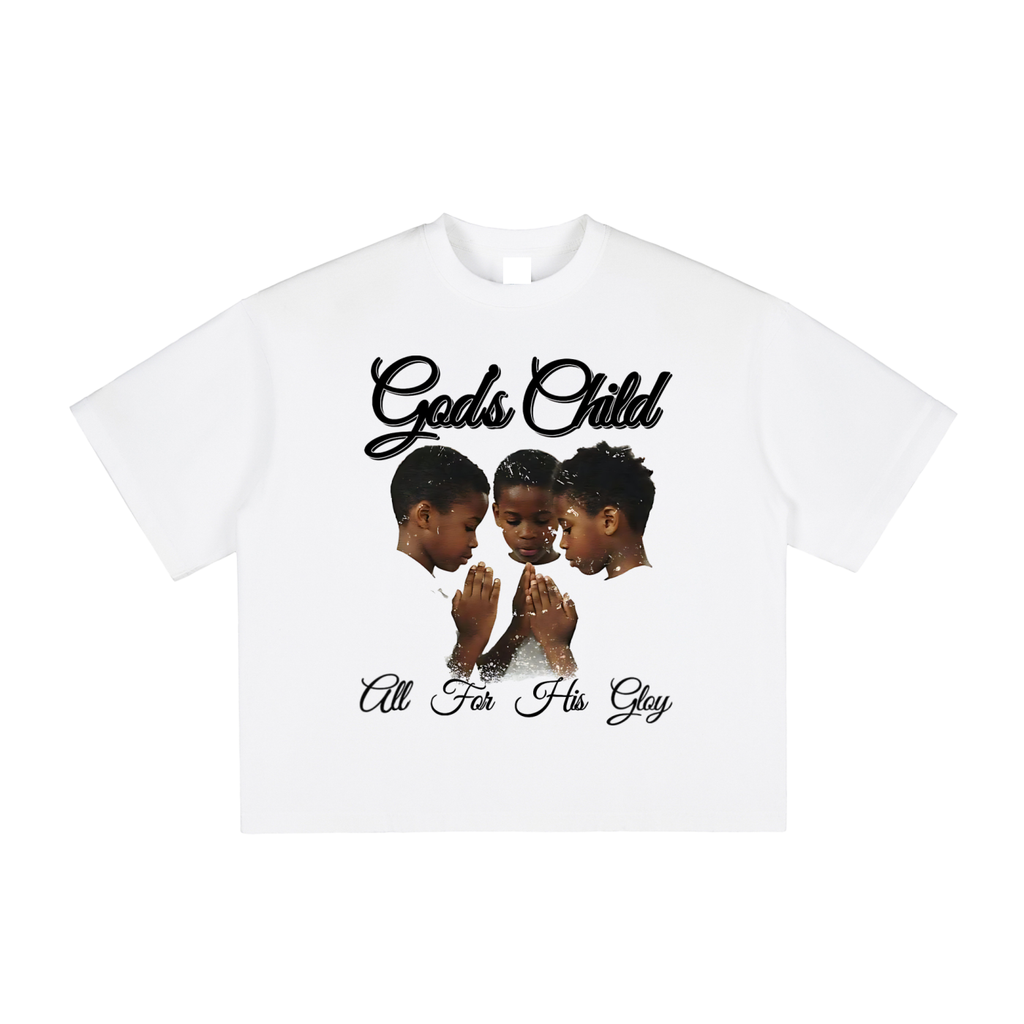 Gods Child Tee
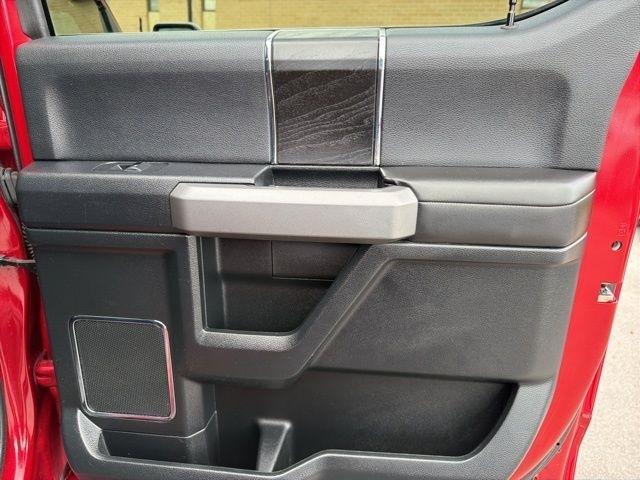 Ford F-150  2020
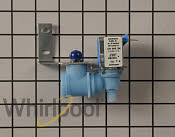 Ice Machine Water Inlet Valve W10801996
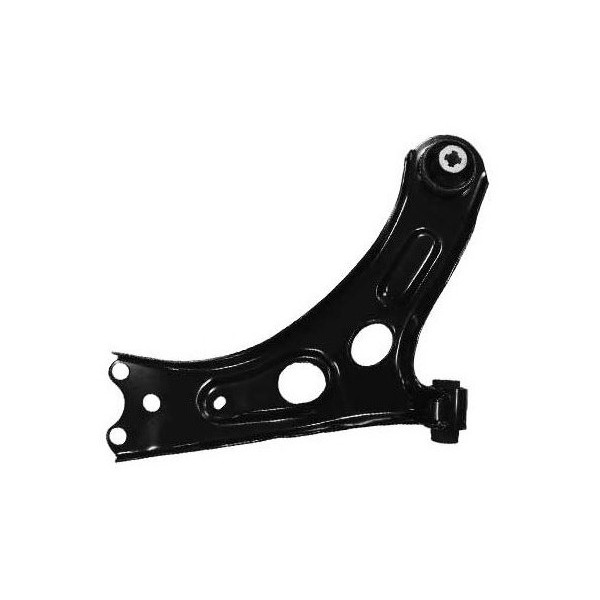 Bandeja lado esquerdo Grazzimetal PG5073B
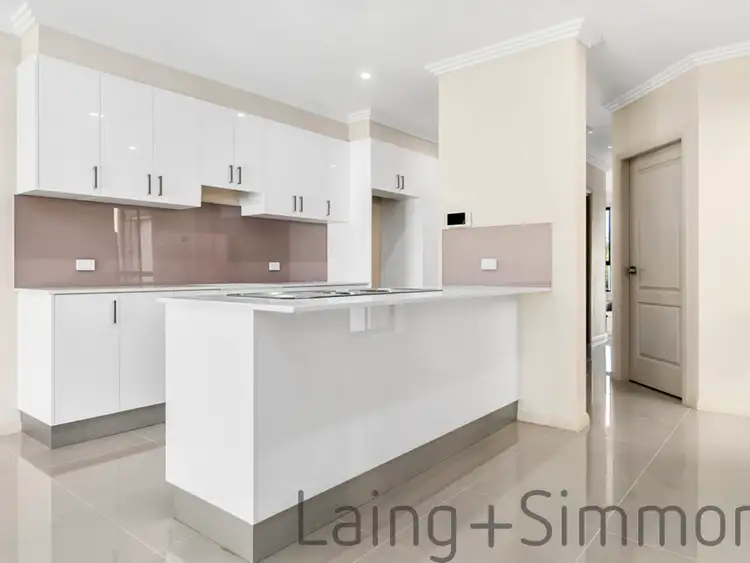Fifth view of Homely house listing, Lot 42/81 Granville Street, Smithfield NSW 2164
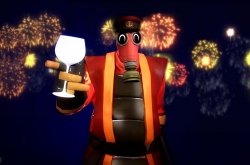 Garry's Mod оказалась в 2 раза успешнее Half-Life 2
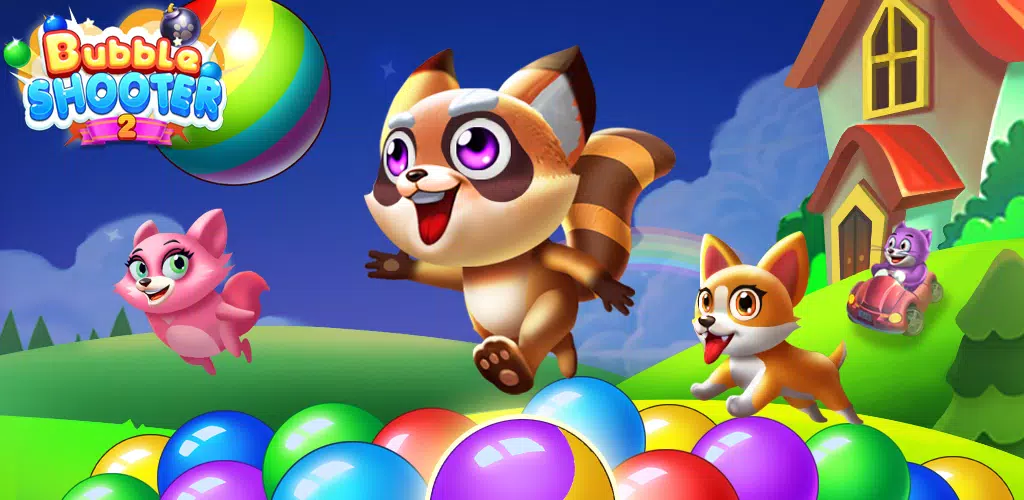 Download do APK de Bubble Shooter 2 para Android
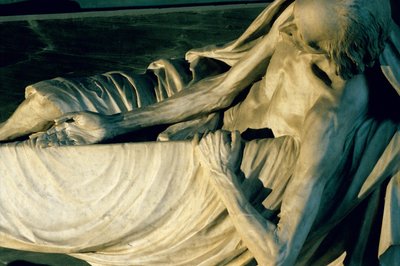 Mausoleum van Luitenant-Generaal Henry Claude d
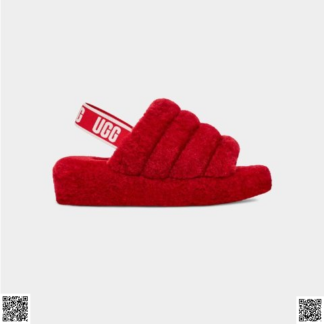 美國代購正品 UGG 毛毛拖鞋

Exercise goal:
Apart from the pictures, every line above must be printed exactly.

Result of this task:
 Gods Child Tee
 Ford F-150  2020
 Ice Machine Water Inlet Valve W10801996
 Bandeja lado esquerdo Grazzimetal PG5073B
Fifth view of Homely house listing, Lot 42/81 Granville Street, Smithfield NSW 2164
 Garry's Mod оказалась в 2 раза успешнее Half-Life 2
 Download do APK de Bubble Shooter 2 para Android
 Mausoleum van Luitenant-Generaal Henry Claude d
 美國代購正品 UGG 毛毛拖鞋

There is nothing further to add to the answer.